Framing the Readings
Cities have been theorized historically as a site that encompasses the depraved and the delinquent, including the homosexual even before the Chicago School in the early 20th century, and such ideas still permeate the imagination of the urban (Abraham 2009). Against the isolation lgbtq people experienced in rural and suburban areas, particularly before the era of the internet, it was common knowledge to tell lgbtq people, as Kath Weston (1995) put it, “to get thee to a big city” to find and connect with like-minded and -bodied people This sense of urban promise was both myth and fact, and congealed as increased urbanization along with the separation of the sexes during WWII provided the necessary conditions for the growth of lesbian and gay cultures we know today, as asserted by the work on John D’Emilio (1983a; 1983b). Yet narratives of the city still tend to suggest they are spaces for men, while women are regenerated to the private places of their homes, more publically in a state of fear, and remain generally invisible. Considerations of race, class, and citizenship are also pinkwashed through processes and practices homonormativity (Duggan 1994), or the assimilation of radical homosexual ideas, but the geographical imagination of the grand lgbtq city continues.

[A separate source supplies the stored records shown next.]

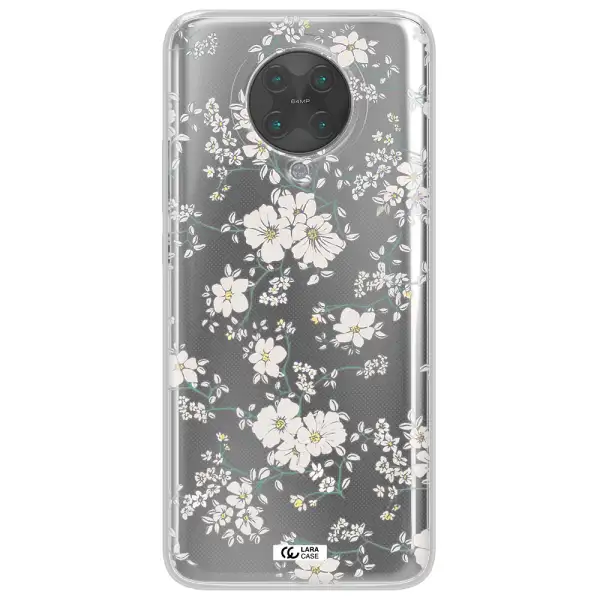 White Flower Xiaomi Poco F2 Pro Clear TPU Case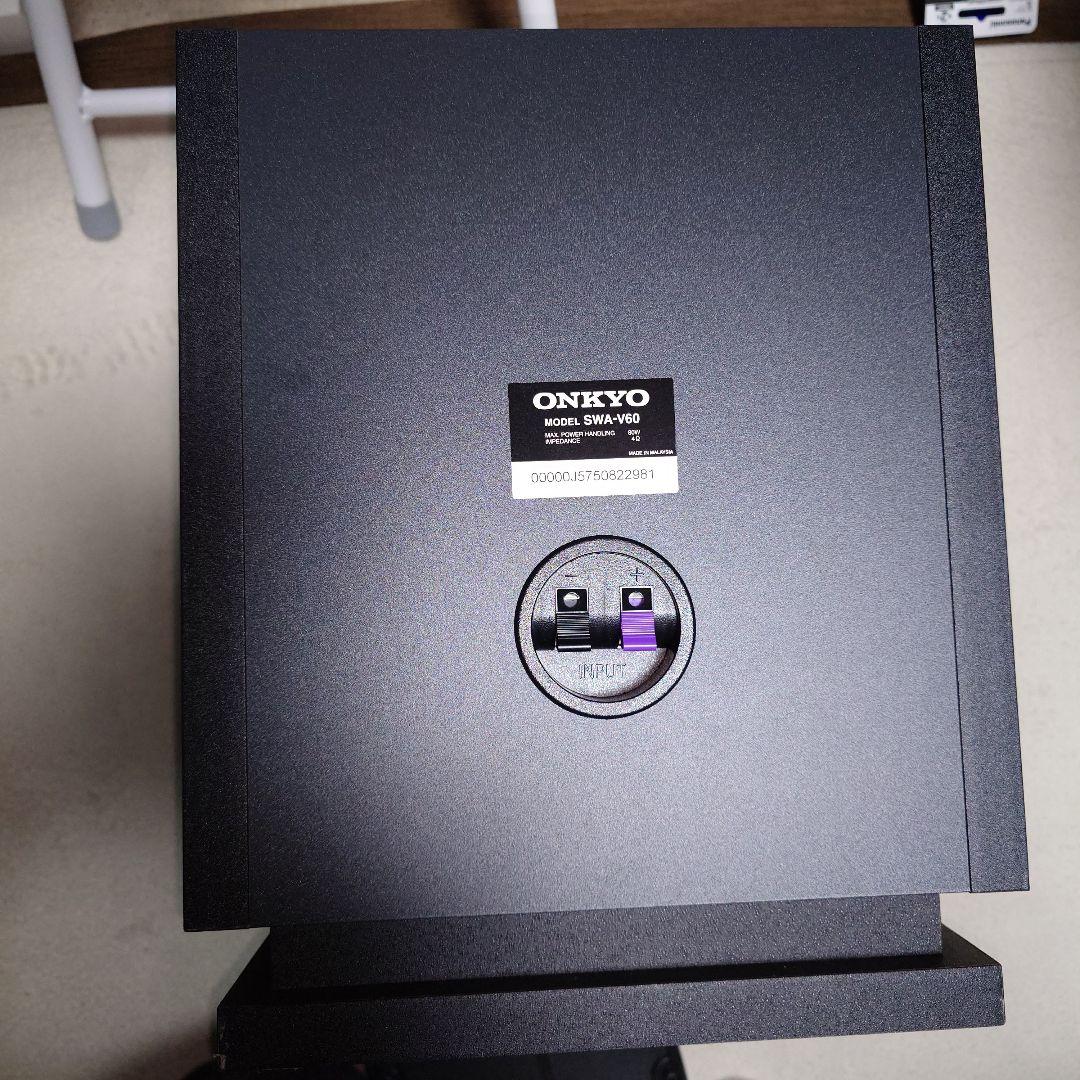 サブウーファー スピーカー オンキヨーV60用 ブラック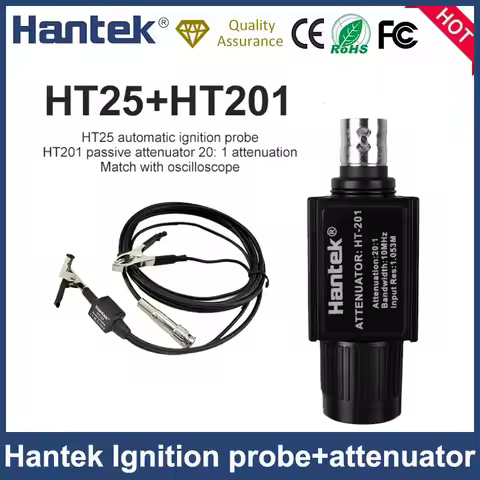 Hantek Automotive Oscilloscope Probe HT25 OF HANTEK 1008C 6022BE 6074B Emeters Ignition Capacitive H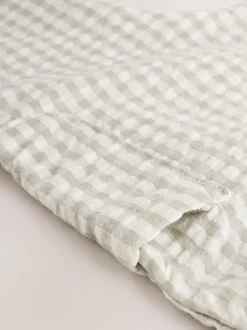Groen geruit - Geweven bretelbroeken en bodysuit babyset (0mnd -2jr)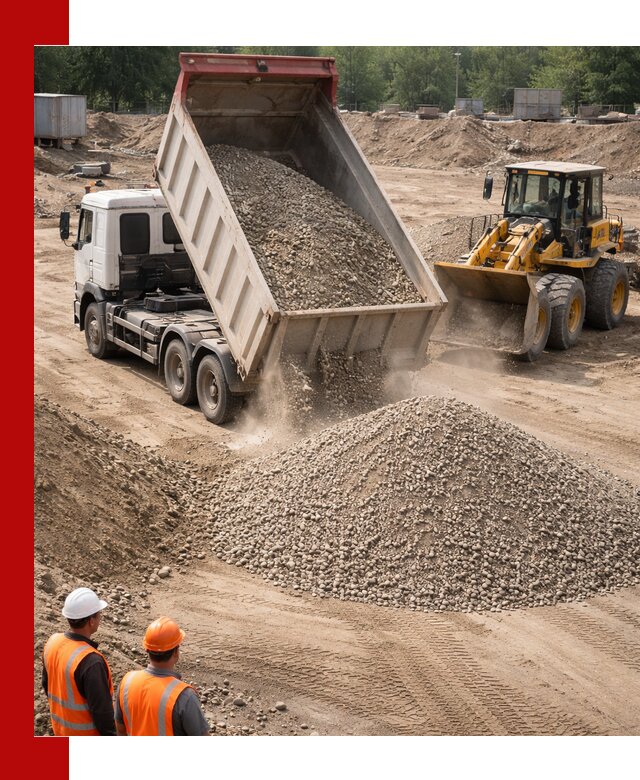 Щебень с песком (ЩГПС С2) с доставкой в Торжке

Feminist philosopher Iris Marion Young (1990) suggested that the city affords the cover of anonymity and the potential for social interaction across differences. While idealizing the possibility for a critical mass from and across these differences, Young’s city can be read as a space of queer flux that celebrates and reproduces its unoppressive, unfixed, unassimilated communities and identities. Elizabeth Grosz’s concept of bodies-cities (1996), which argues that bodies and cities mutually define one another through social, economic, and political elements, advocates relationality as a way of supporting and producing recognition so that the city is a space that affords pressure and possibility for agency and access.*
Our Discussion Questions
What can the work of refusing the norms and structures of city life and the bodies who move, live, dwell, love, and desire within it enact and sustain the cities of difference long imagined? How does New York City queer norms and enact difference, and where is it less successful? What ways does the city work for and against you when it comes to difference? As you reflect on these questions, remember that theory is divined from experience so share as much as you wish about you wish of your ideas and experiences to reflect on this.
*See the Further Recommended Readings for this week to see the citations for the works mentioned here.